SOURCE DATA →

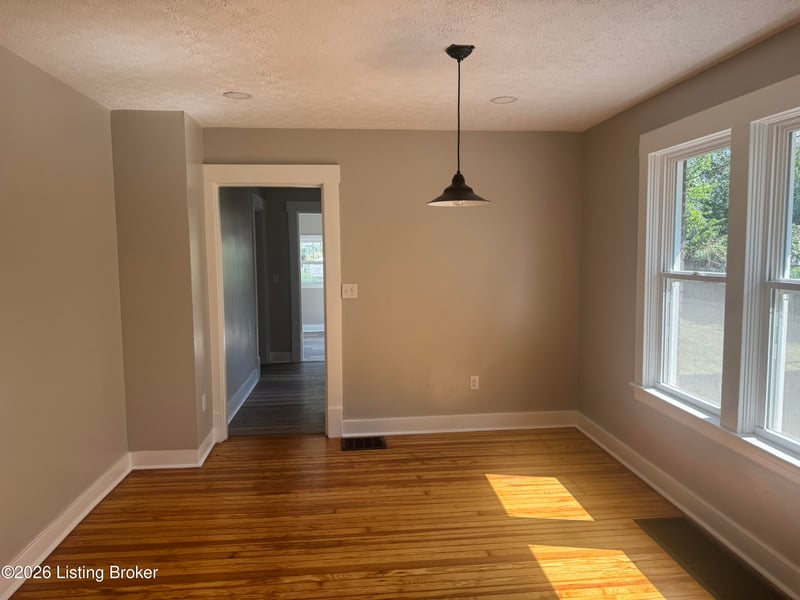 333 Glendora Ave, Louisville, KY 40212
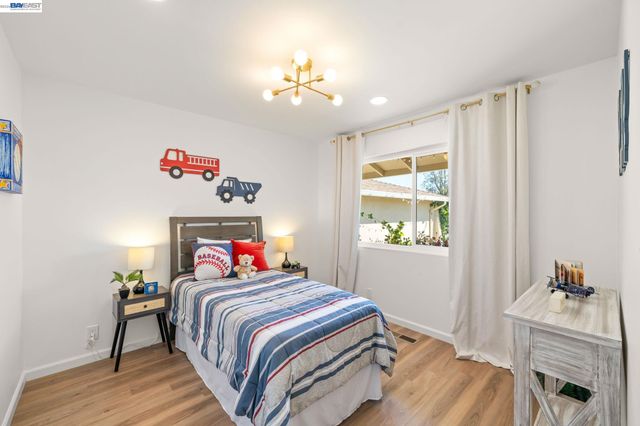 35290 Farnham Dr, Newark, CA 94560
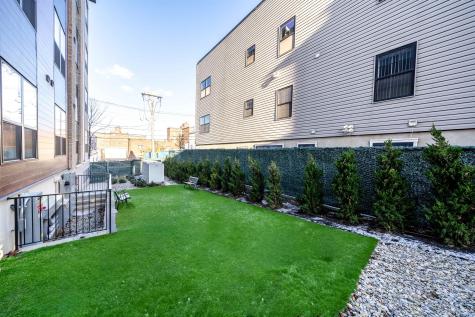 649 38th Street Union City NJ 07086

TO DO →
Return the listing exactly as it appears, excluding any image.

WRITTEN ANSWER →
 333 Glendora Ave, Louisville, KY 40212
 35290 Farnham Dr, Newark, CA 94560
 649 38th Street Union City NJ 07086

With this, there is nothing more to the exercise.